Tony mengungkapkan, adanya perang dagang Amerika Serikat - China akan menekan neraca perdagangan Indonesia dan menjadi sentimen negatif yang menekan Rupiah.
Nilai tukar rupiah, menurut data Jisdor Bank Indonesia hari ini bergerak melemah 64 poin menjadi Rp14.546 dibanding posisi sebelumnya Rp14.482 per dolar AS.

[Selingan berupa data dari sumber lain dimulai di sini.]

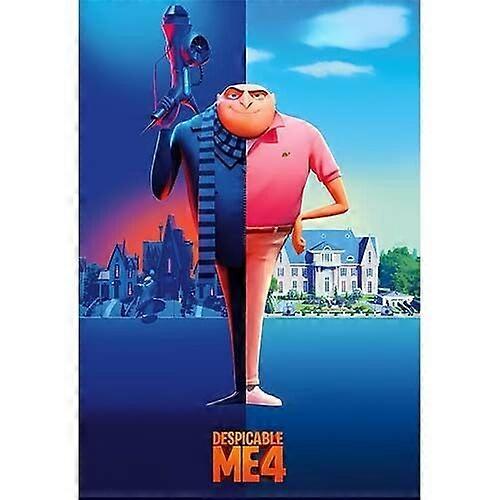 Despicable MeJigsaw Puzzle Brain Teaser P1931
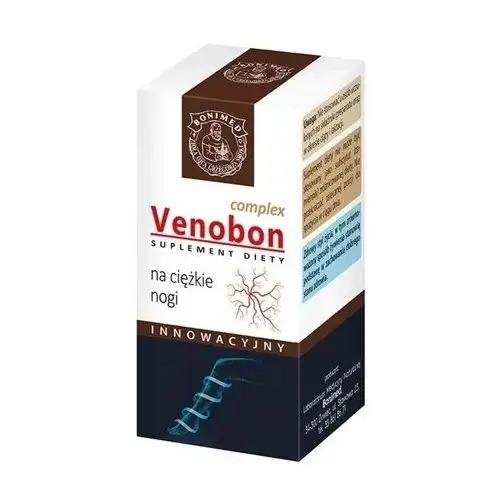 VENOBON Complex x 60 kapsułek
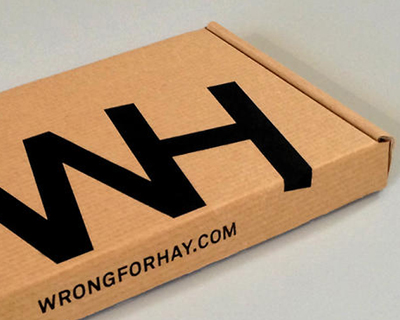 at LDF 2013 wrong for HAY - a new design venture directed by sebastian wrong 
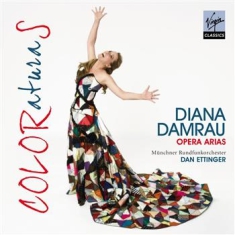 Diana Damrau/Münchner Rundfunk - Coloraturas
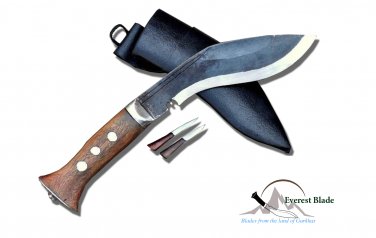 6"Blade Panawal agkhola kukri,working kukri knife,kukri machete,khukuri from Nepal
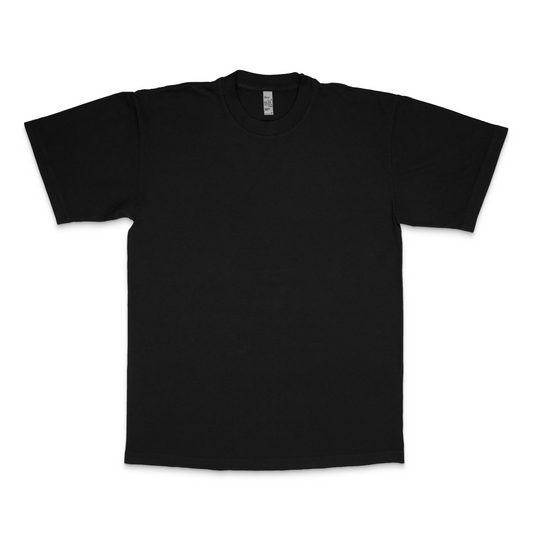Quick Bulk Ordering - 1801GD LA Apparel Heavyweight T-shirt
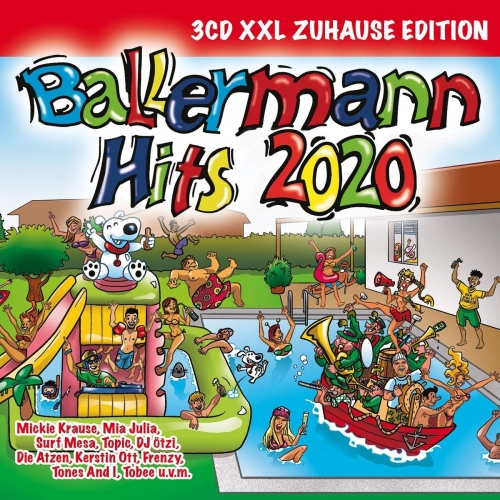 Ballermann Hits 2020 XXL Zuhause Edition 2020 - CD-1 - Ballermann Hits 2020 XXL Zuhause Edition 2020 - CD-1.jpg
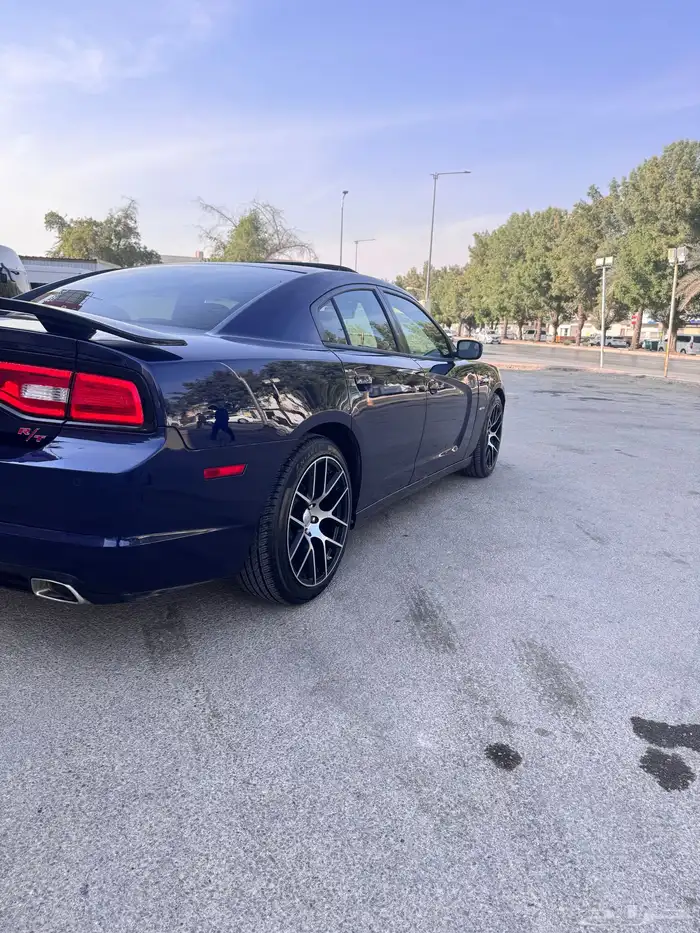 تشارجر رود 2014( مخزن ) 8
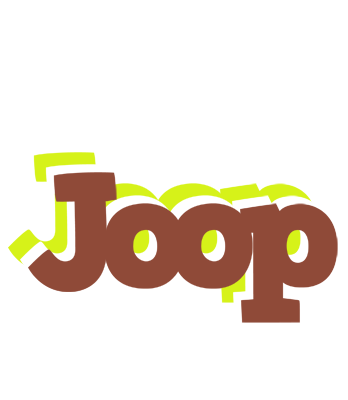 Joop caffeebar logo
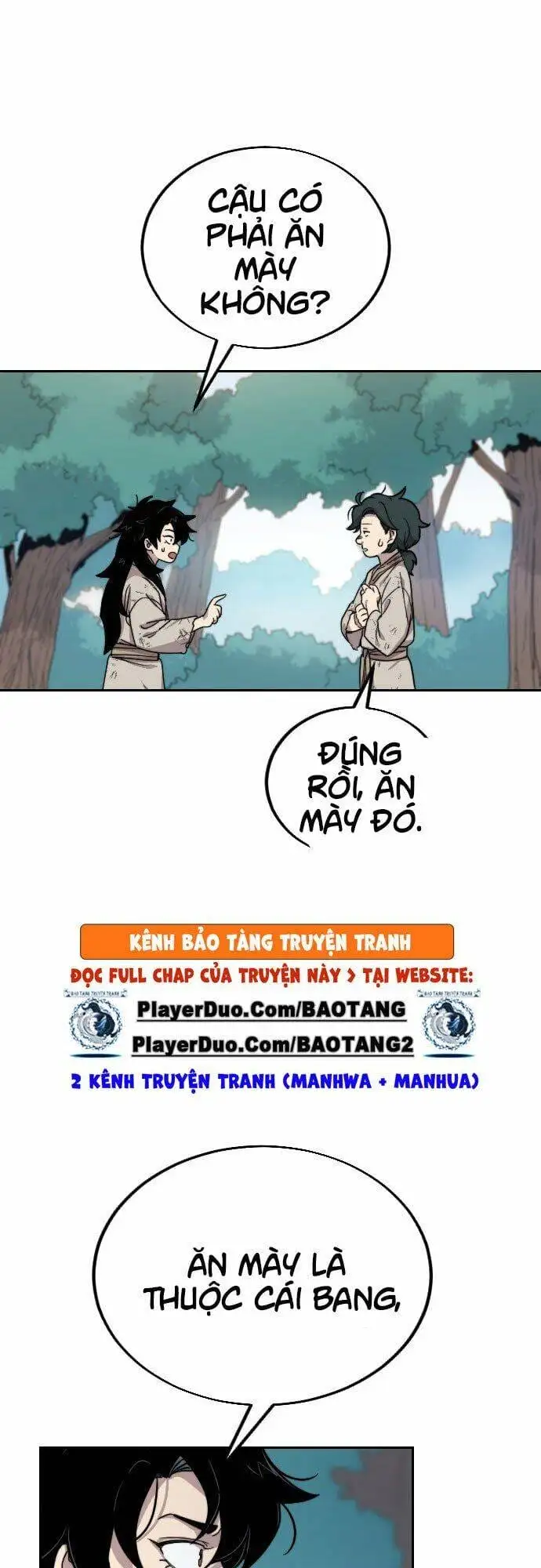 Truyện Tranh Hoa Sơn Tái Khởi trang 6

Sementara, neraca perdagangan pada Juni 2018 mengacu data BPS tercatat surplus 1,74 miliar dolar AS. Namun, neraca dagang secara secara keseluruhan pada semester pertama tahun ini masih defisit sebesar 1,02 miliar dolar AS.
“Perang dagang pada dasarnya lebih berbahaya karena akan menekan neraca perdagangan Indonesia menjadi lebih sulit, dengan adanya proteksionisme dan pengenaan tarif maka trade war itu dampaknya negatif,” kata Tony di Gedung Bursa Efek Indonesia, Sudirman, Jakarta, Selasa (24/7/2018).
Menurutnya, saat ini struktur ekspor Indonesia belum terdiversifikasi dan masih cenderung mengandalkan ekspor yang berbasis sumber daya alam mentah. Tony juga mendorong agar pemerintah bisa meyakinkan investor untuk menanamkan modal dalam jangka panjang di Indonesia.
“Ini menjadi tugas besar pemerintah bagaimana supaya rupiah lebih rendah volatilitasnya. Bagaimana arus modal masuk yang kebanyakan jangka pendek menjadi jangka panjang,” tutur Tony.